[Stored items]

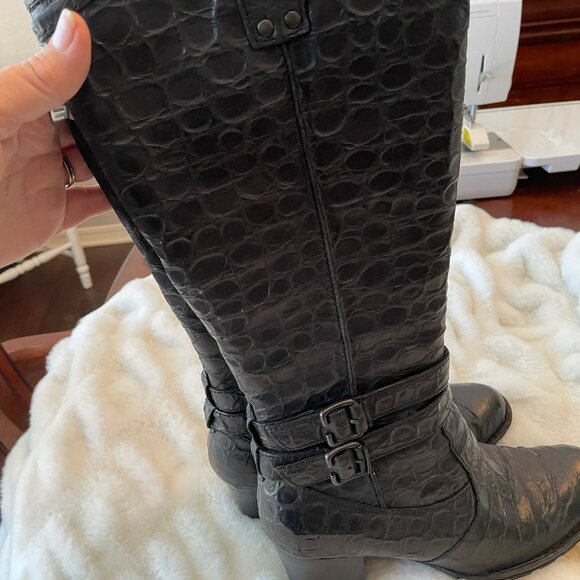 boots - Picture 5 of 6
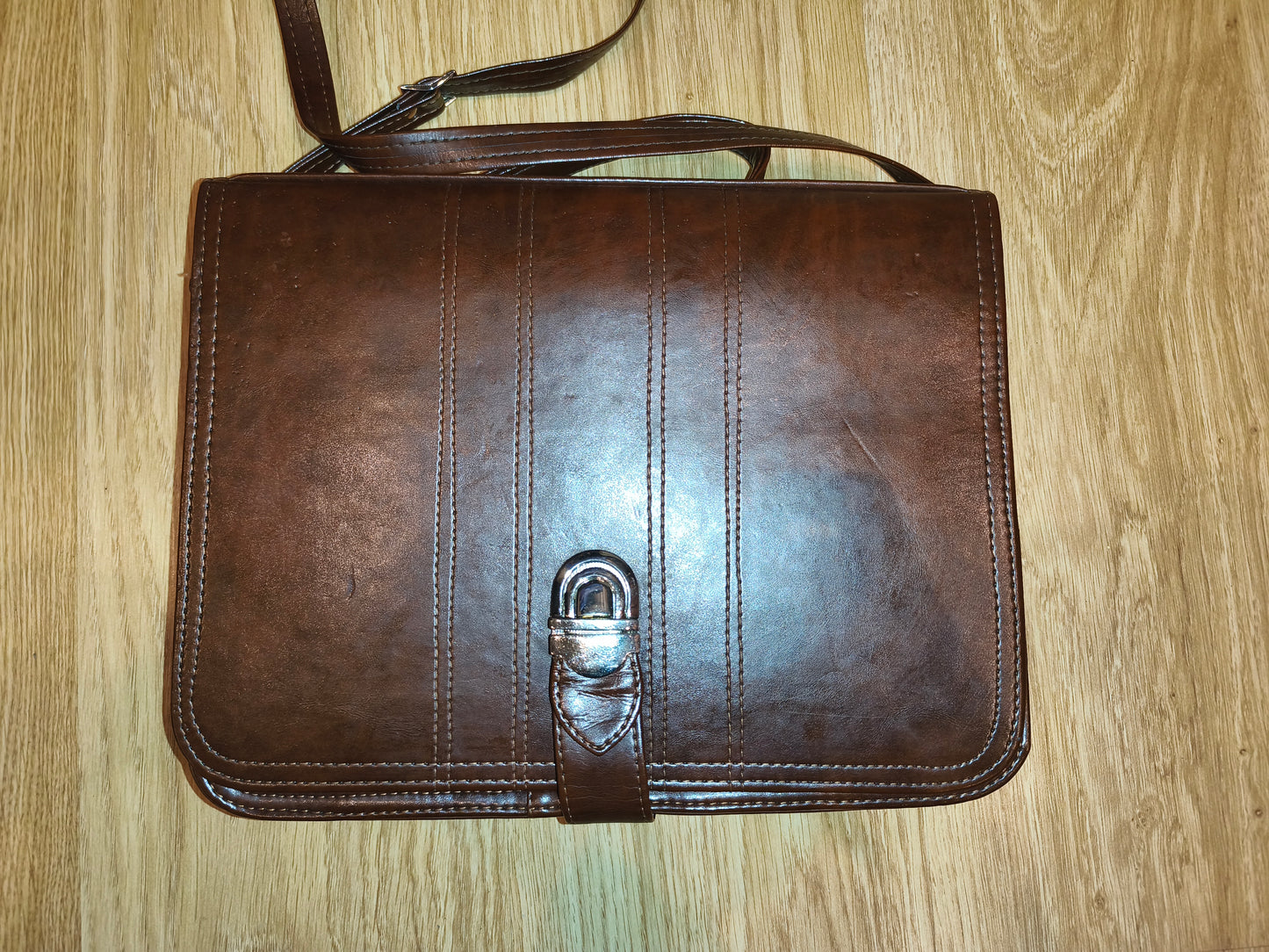 Vintage Style Brown Faux Leather Messenger Bag / Business Briefcase with Multiple Compartments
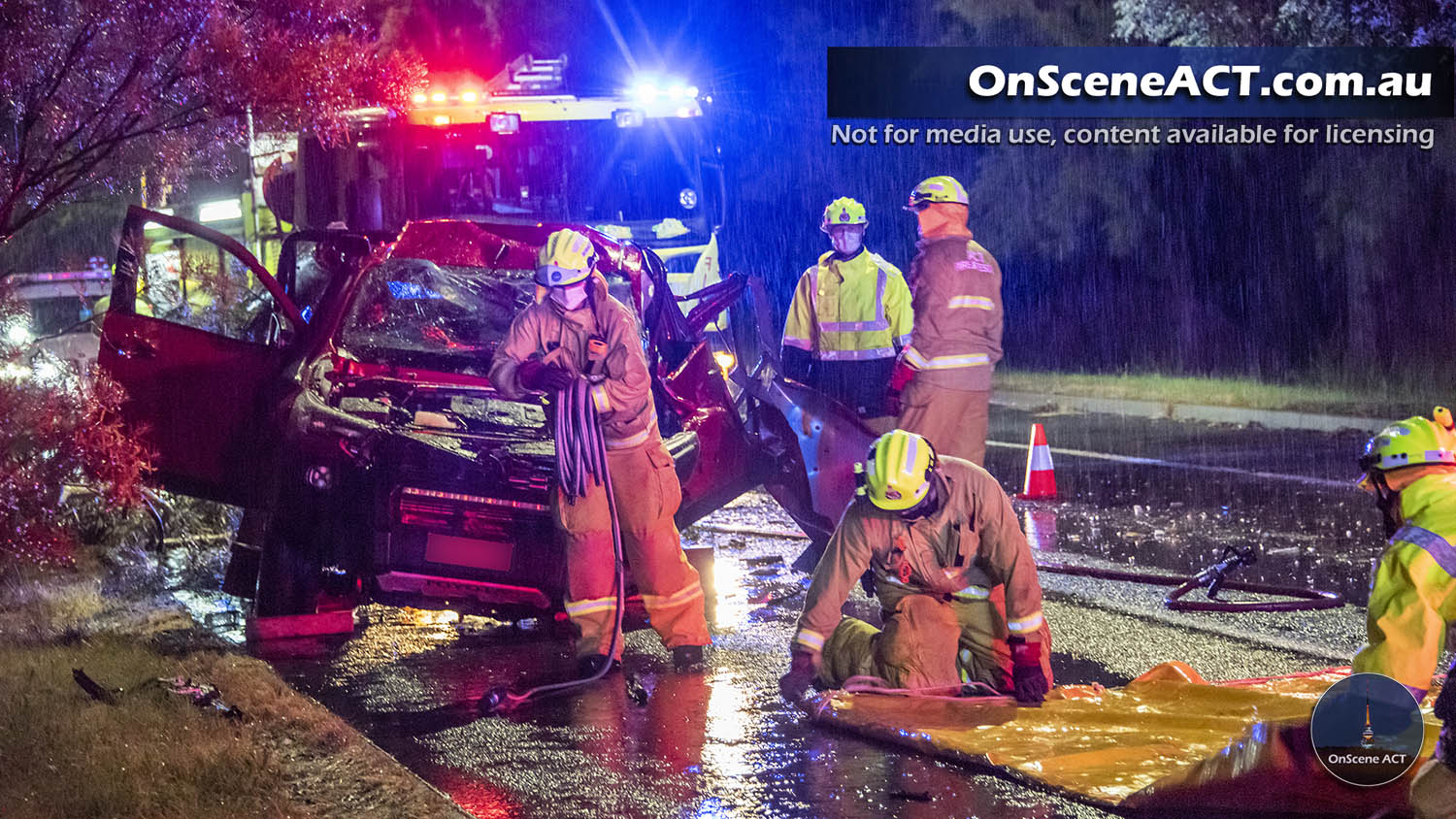 20211104 2100 belconnen crash image 3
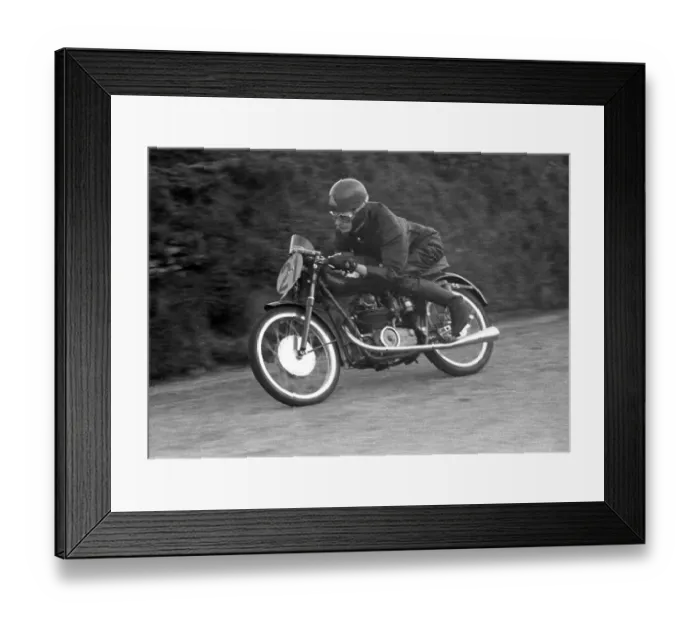 Framed Print : Jim Thomson MV 1954 Ultra Lightweight TT Framed Print : Jim Thomson MV 1954 Ultra Lightweight TT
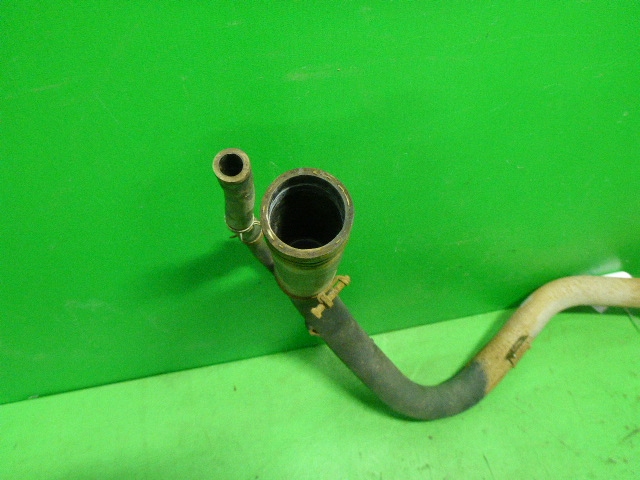 Горловина топливного бака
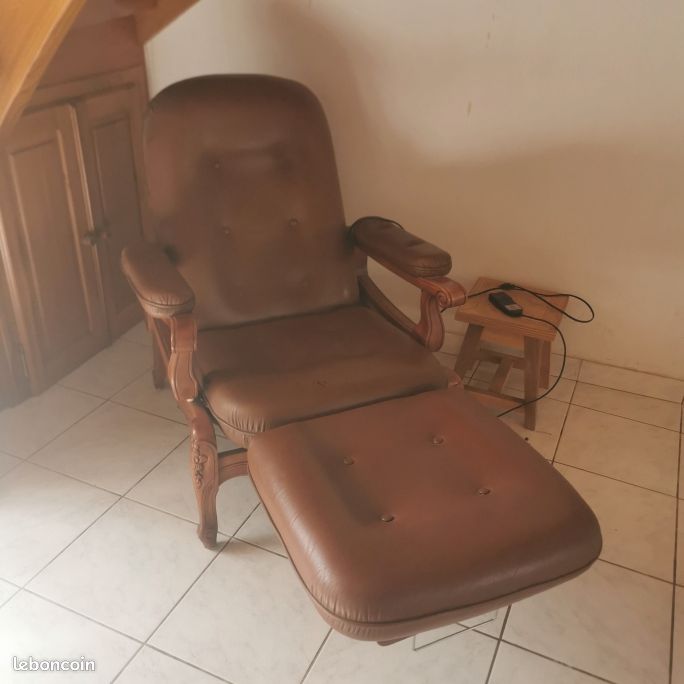 Fauteuil rustique avec repose pieds (image 1)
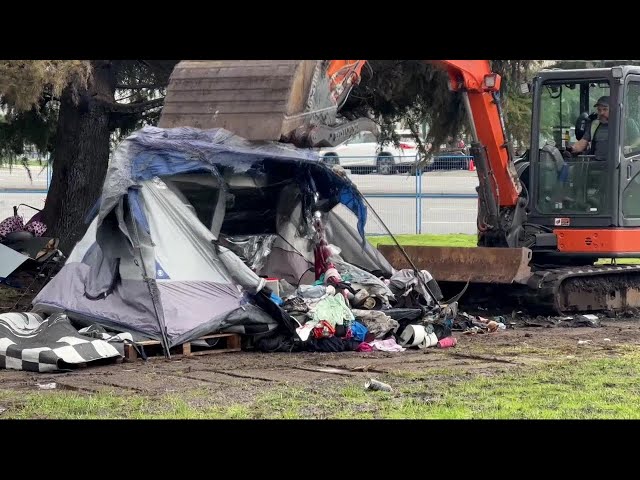 Province starts to dismantle South Vancouver encampment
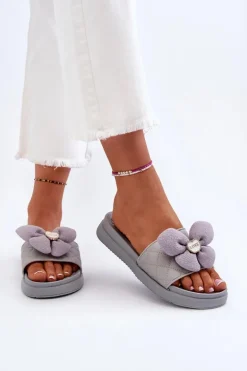 Klapki Damskie Z Ozdobą Na Niskiej Platformie Szare Cedrella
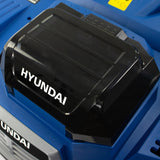 Hyundai 15'' 38 cm 2x 20V (40V) Artificial Grass Brush, 4Ah Li-ion Batteries, Brushless Motor | HY2197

— Task statement —
Without including the pictures, copy all of the data exactly.

— Response —
 boots - Picture 5 of 6
 Vintage Style Brown Faux Leather Messenger Bag / Business Briefcase with Multiple Compartments
 20211104 2100 belconnen crash image 3
 Framed Print : Jim Thomson MV 1954 Ultra Lightweight TT Framed Print : Jim Thomson MV 1954 Ultra Lightweight TT
 Горловина топливного бака
 Fauteuil rustique avec repose pieds (image 1)
 Province starts to dismantle South Vancouver encampment
 Klapki Damskie Z Ozdobą Na Niskiej Platformie Szare Cedrella
 Hyundai 15'' 38 cm 2x 20V (40V) Artificial Grass Brush, 4Ah Li-ion Batteries, Brushless Motor | HY2197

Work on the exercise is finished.